U.S. stocks rebounded on Monday morning after the S&P 500 and Nasdaq Composite ended their first three-quarter losing streak since the 2008 global financial crisis and the Dow Jones posted its first streak of losses since 2015.
The benchmark S&P 500 index gained 1% at the open, while the Dow Jones Industrial Average jumped 330 points, or about 1.2%. The tech-heavy Nasdaq Composite rose 0.7%.
Big moves in energy markets started the week, with oil prices rising as reports surfaced that OPEC+ was considering a major production cut of more than a billion barrels a day.

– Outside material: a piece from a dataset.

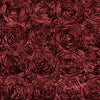 Paige BURGUNDY 3D Floral Polyester Satin Rosette Fabric by the Yard - 10028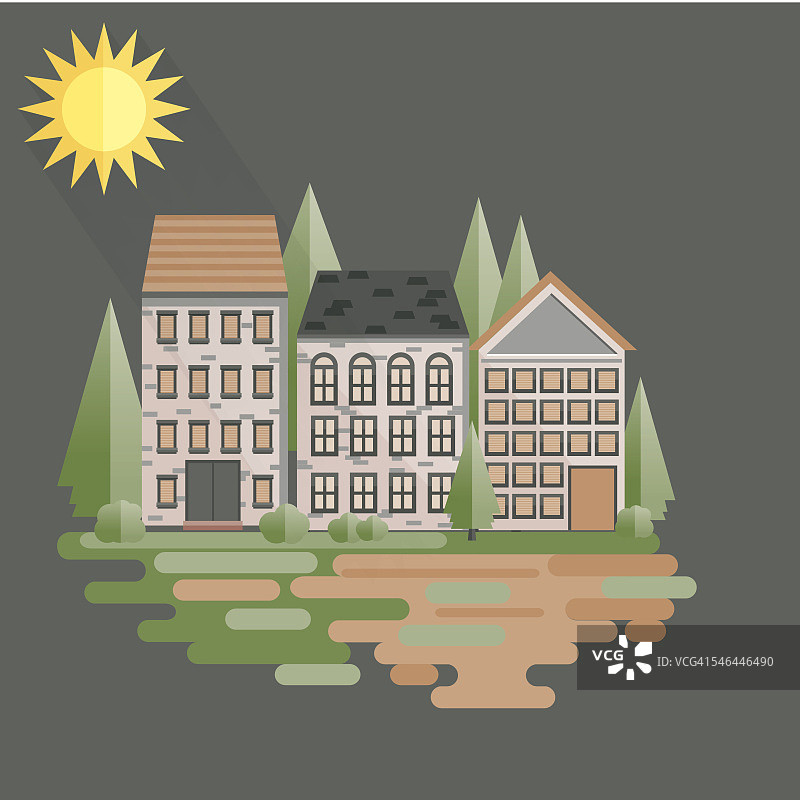 扁平风格房屋与树木图片素材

West Texas Intermediate (WTI) crude oil futures jumped 5.6% to $83.99 a barrel, while Brent crude climbed about 3.9% to $88.45 a barrel .
On the corporate front, shares of Credit Suisse (CS) fell 3% at the start of trading after the CEO of the global investment bank issued a memo over the weekend attempting to calm major investors on the institution’s financial health – an effort that backfired and instead raised questions about its financial stability.
The bank said last week it was exploring potential sales of assets and certain business units as part of a strategic plan due to be unveiled at the end of the month.
Tesla (TSLA) stock also got things moving on Monday morning after the electric vehicle giant announced on Sunday that it delivered 343,830 cars in the third quarter, a new record that came even as the company was in taken with the closure of its plant in China. Still, the figure is lower than Wall Street’s expectations, which ranged from 358,000 to 371,000 vehicles. Shares fell more than 6% at the start of the session.
Investors are reeling from a brutal month and quarter that saw all three major averages enter a bear market. In September, the S&P 500 posted a 9.3% loss, its worst monthly decline since the start of the pandemic in March 2020. The Dow erased more than 8% and the Nasdaq Composite more than 10%. For the quarter, the indices lost approximately 5.3%, 4.1% and 6.7%, respectively.
As Wall Street turned the page, some strategists are looking to October, which was seen as a “bear market killer” based on historically strong returns, especially during midterm election years. Every time the S&P 500 fell 7% or more in September, stocks have done well in October, noted Ryan Detrick of the Carson Group.
A high-stakes earnings season, likely to be prompted by reduced forecasts and deteriorating fundamentals related to inflation and rising interest rates, however, makes this period different.
“The focus will be on earnings as we move from a moderation shock, with higher interest rates, to a growth shock,” Luca Paolini, chief strategist at Pictet Asset Management, told Yahoo. Finance Live in a recent interview. “That’s where we feel most worried, and the next earnings season is going to be really critical.”